At the end of the spatial analysis ΣI, the playback system 1 has extracted and identified several categories of sound objects from the multichannel signal S, namely:

a first category of sound objects, written OBJLocIntW, comprising sound objects that are localized and situated inside the spatial window W;

a second category of sound objects, written OBJLocExtW, comprising sound objects that are localized and situated outside the spatial window W; and

a third category of sound objects, written OBJDiff, comprising sound objects that are diffuse.

For the first and second categories of sound objects, the playback system 1 also has available the positions of these objects in the spatial window W.

In the presently-described implementation, the playback system 1 has also identified within the OBJLocIntW category of sound objects, those sound objects that come from sources positioned at the center of the spatial window W.

All of this information may be stored by way of example in the RAM 6 or in the non-volatile flash memory 7 of the playback system 1 in order to be used in real time.
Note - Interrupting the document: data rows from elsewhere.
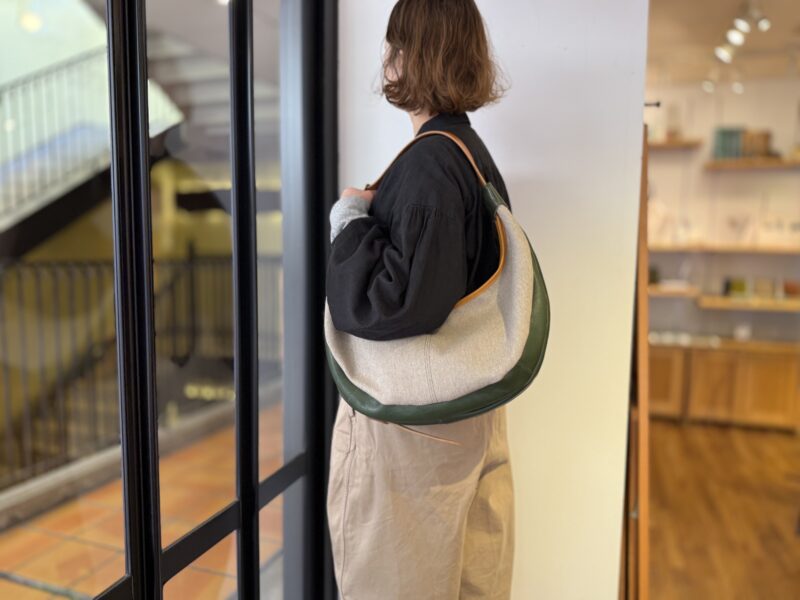 イタリアタンニンレザー ボディバッグ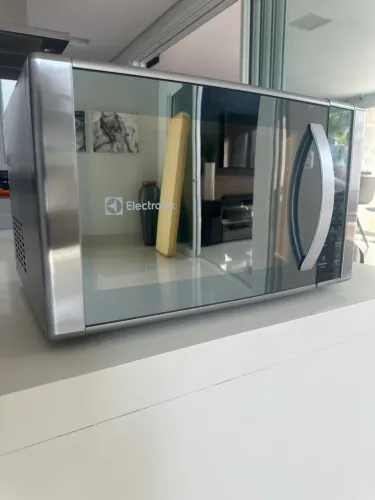 Microondas Electrolux 31 litros Inox Espelhado com função Grill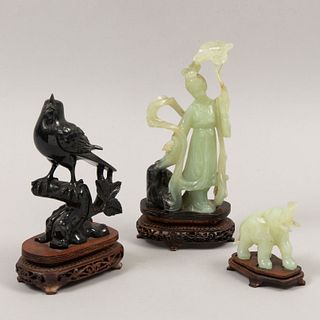 Lote de 3 figuras decorativas. Origen oriental. Siglo XX. Elaboradas en serpentina y piedra. Consta de: Guan Yi, ave y elefante.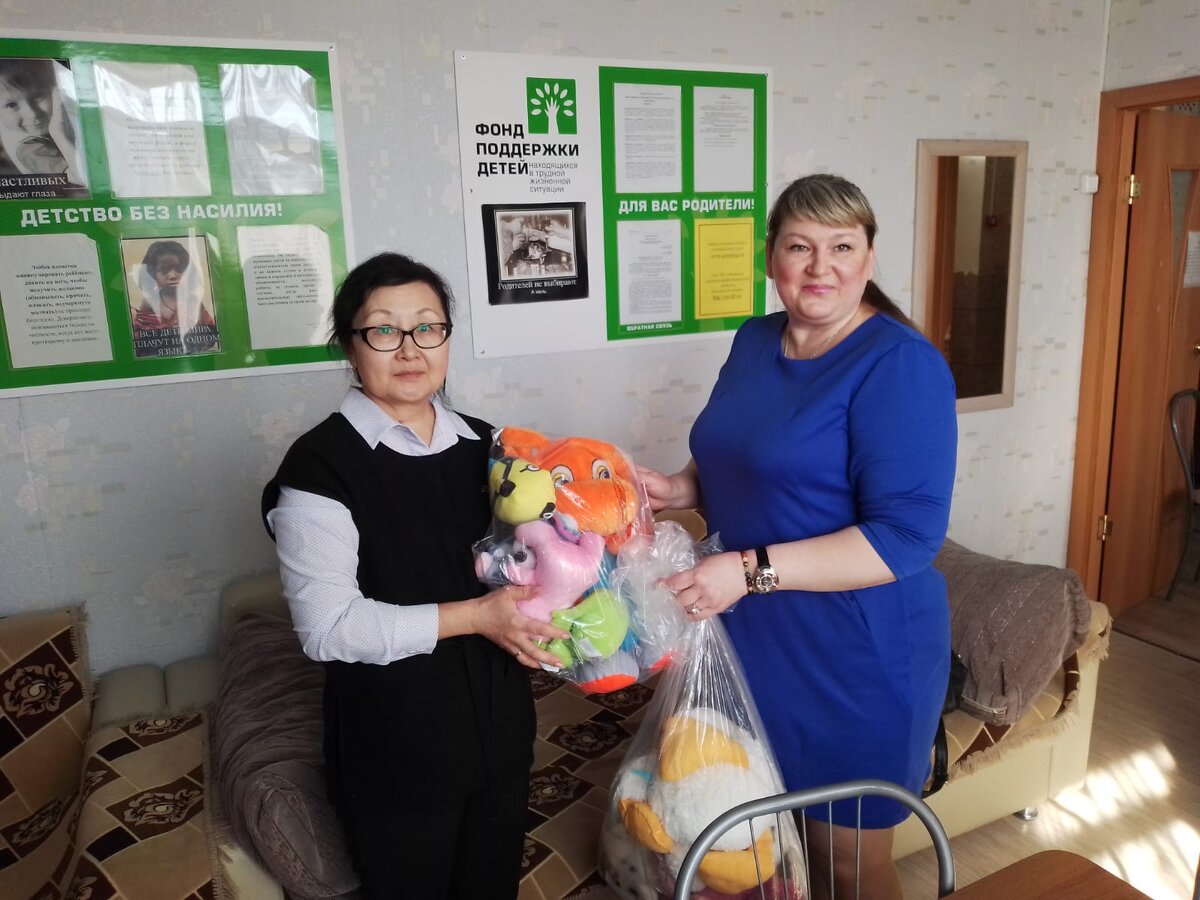 Курганское реготделение передал для маленьких посетителей центра мягкие игрушки и сладости 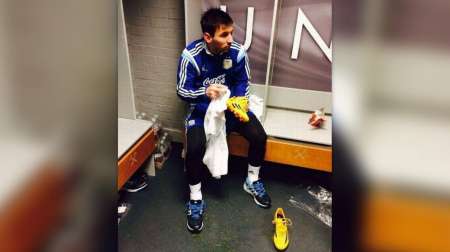 La foto de Messi que usan de ejemplo en Manchester United.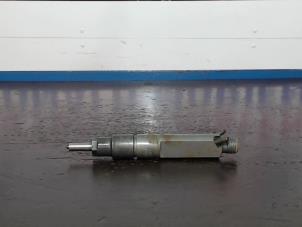 New Injector (diesel) Volkswagen Golf IV Variant (1J5) 1.9 TDI 90 Price € 121,00 Inclusive VAT offered by Automaterialen Ronald Morien B.V.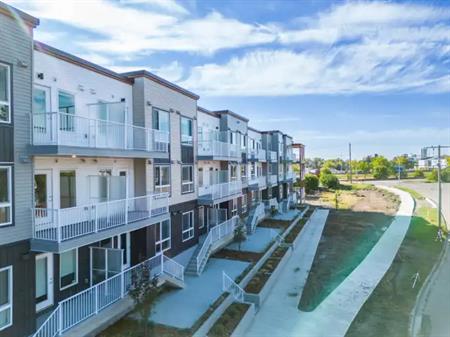 BRIGHT MODERN 1 BEDROOM INGLEWOOD UNIT | 1605 17 Street Southeast, Calgary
As mentioned above, in accordance with the invention and in a “playback” second phase ΣII of playing back the multichannel audio signal S, the system 1 plays back the sound objects extracted from the signal S as a function of their categories, and as a function of the characteristics of these objects as determined during the steps E30 and E40.

More precisely, in the presently-described implementation, the playback means 4 of the playback system 1 apply four distinct treatments T-A1, T-A2, T-B, and T-C that are selected as a function of the characteristics of the sound objects extracted by the spatial analysis means 3 of the playback system 1 during the phase ΣI (step E50).

Thus, in the presently-described implementation, the sound objects identified as belonging to the first category OBJLocIntW are played back by the playback means 4 (and more precisely by the means 4A) by applying the treatments T-A1 or T-A2 depending respectively on whether or not they are situated at the center of the spatial window W (step E51).

In accordance with the invention, the treatments T-A1 and T-A2 play back the sound objects of the category OBJLocIntW inside the spatial window W.

Various types of treatments T-A1 and T-A2 may be envisaged for such playback. These treatments optionally implement filtering of the sound objects before diffusing them over some or all of the loudspeakers of the playback device 2.

Thus, for example, when the playback device 2 comprises a central loudspeaker and lateral loudspeakers:

the treatment T-A1 may be suitable for diffusing sound objects extracted from the signal S that are identified as being at the center of the spatial window W, directly over the central loudspeaker of the device 2; and

the playback treatment T-A2 may be suitable for diffusing the sound objects extracted from the signal S and positioned in positions other than the center of the spatial window W over all of the loudspeakers of the playback device 2 and while using an intensity panning effect, selected so as to preserve the positions of the sound objects as perceived by the listener at the reference position.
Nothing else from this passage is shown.